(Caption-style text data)

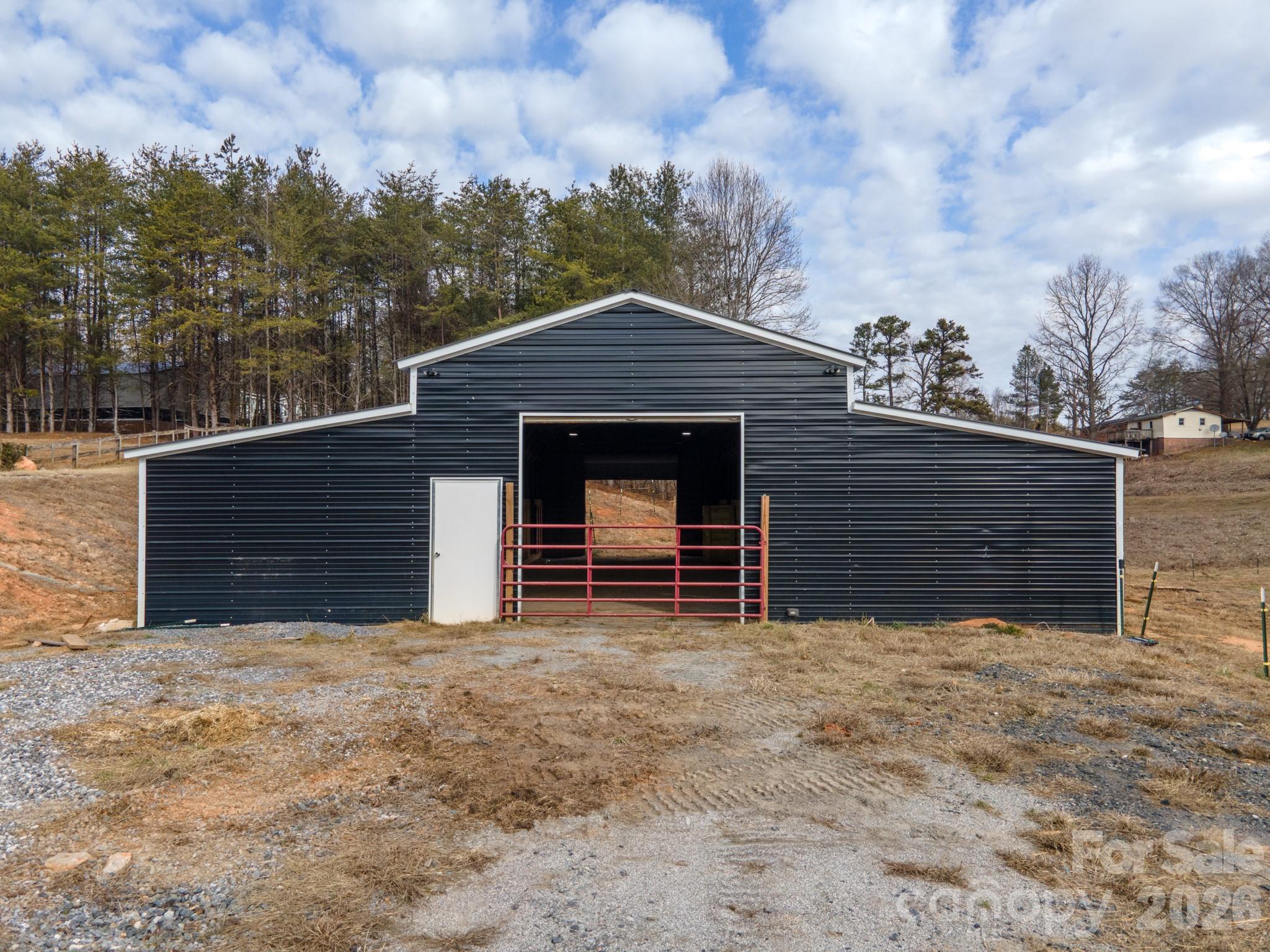 7400 Corn Hill Road Connelly Springs, NC 28612 - Photo 3 of 41 a front view of a house with a yard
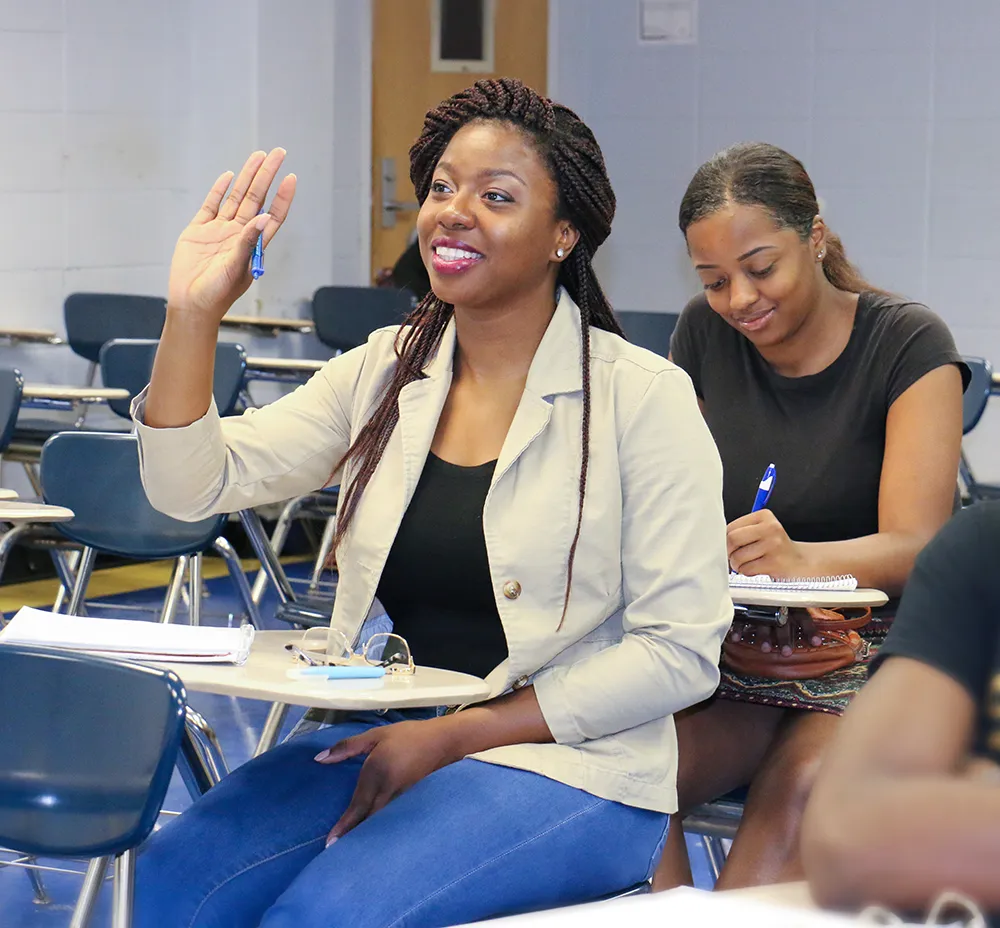 Female student raising hand to answer question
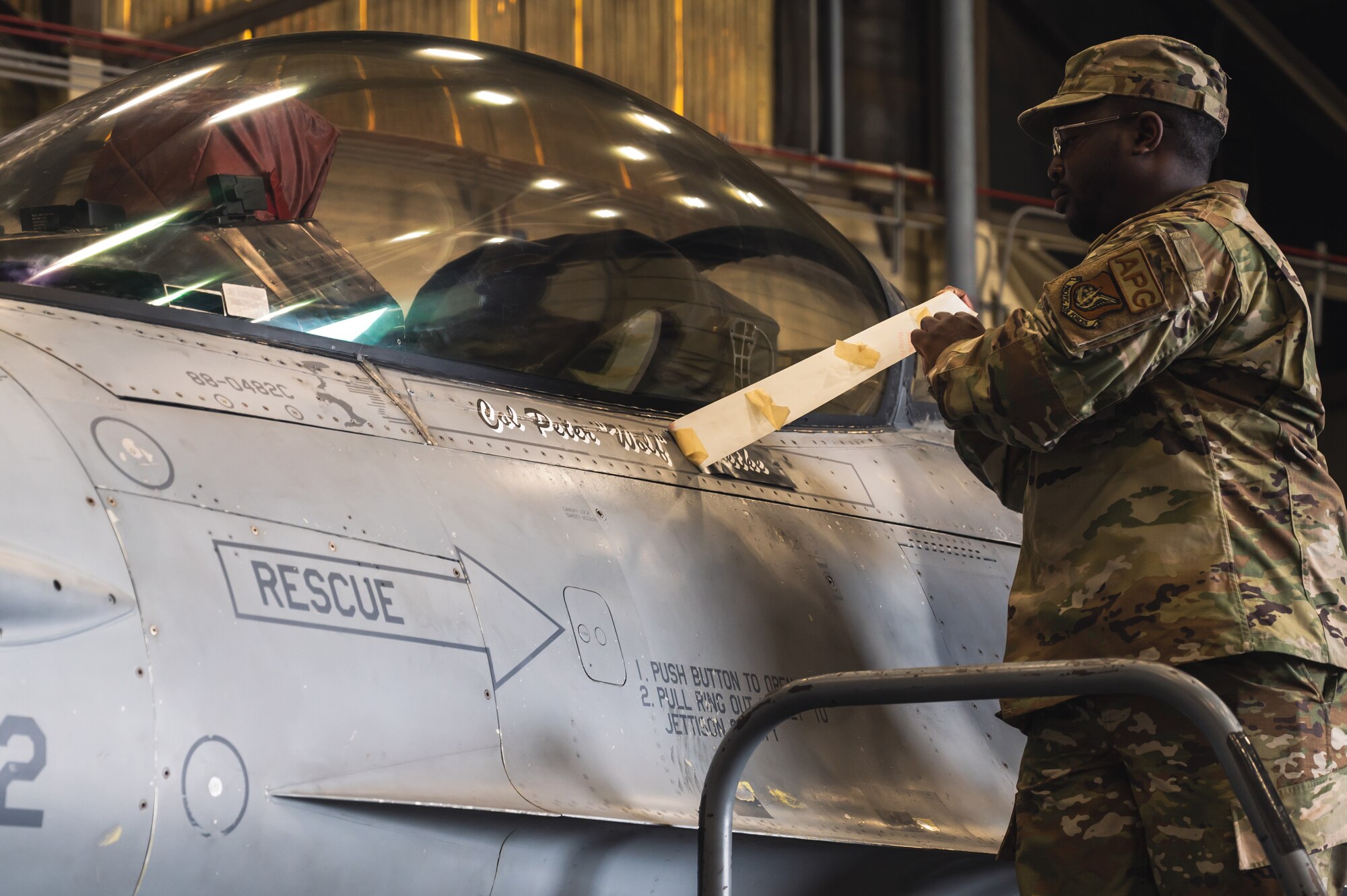 U.S. Air Force Staff Sgt. Javone Brown, 80th Fighter Generation Squadron F-16 crew chief, unveils the new 8th Fighter Wing commander, Col. Peter Kasarskis’s name on an F-16 during the 8th FW change of command ceremony.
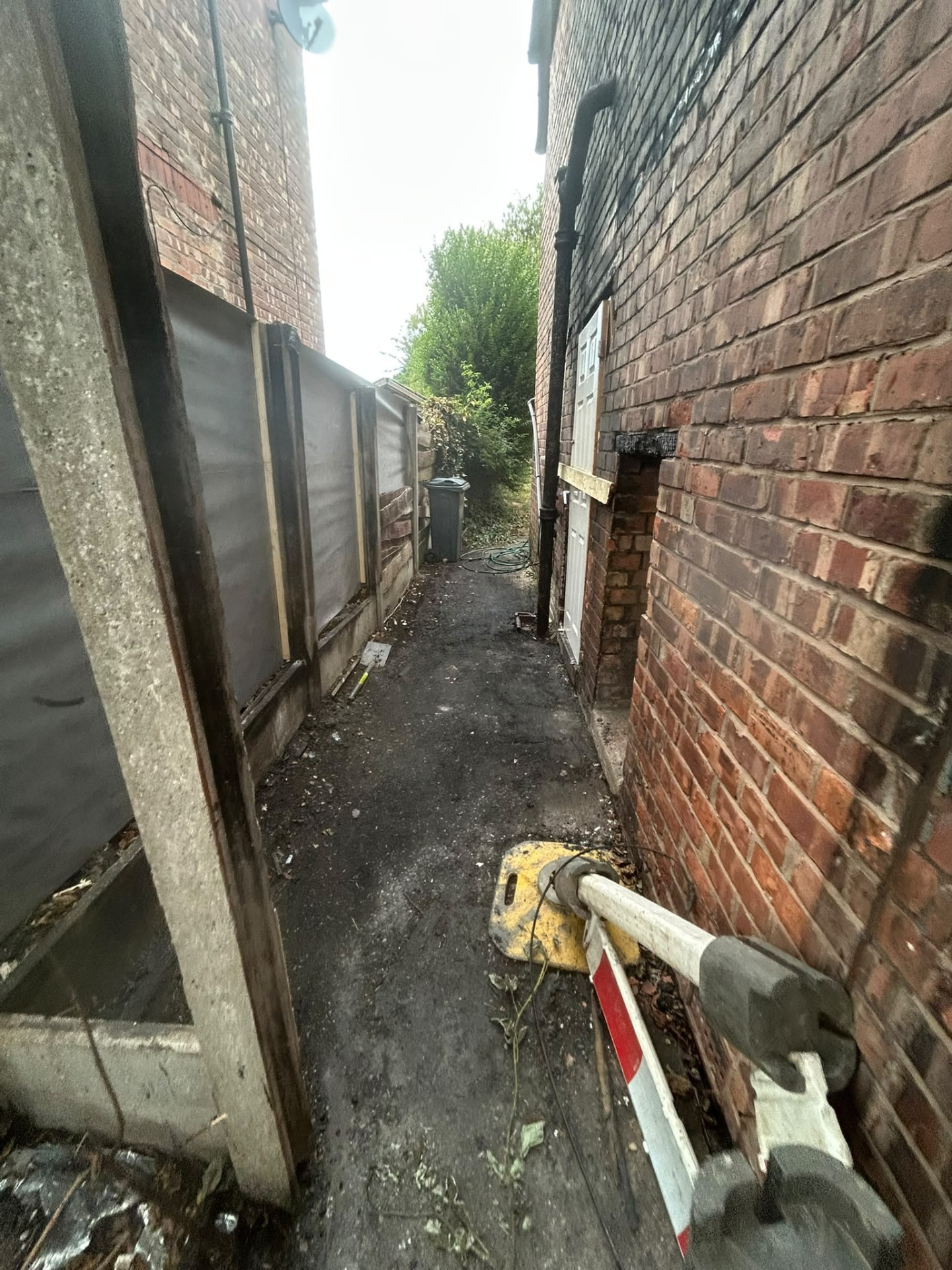 Narrow Manchester alleyway cleared of rubbish during a waste removal job, with tools left ready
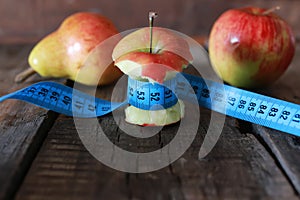 Measurement red bitten apple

● **Problem**
Only the lines from the one holding "Narrow Manchester alleyway" through the last line of the records should be output, please, exactly and without any pictures.

● **Solution to the problem**
 Narrow Manchester alleyway cleared of rubbish during a waste removal job, with tools left ready
 Measurement red bitten apple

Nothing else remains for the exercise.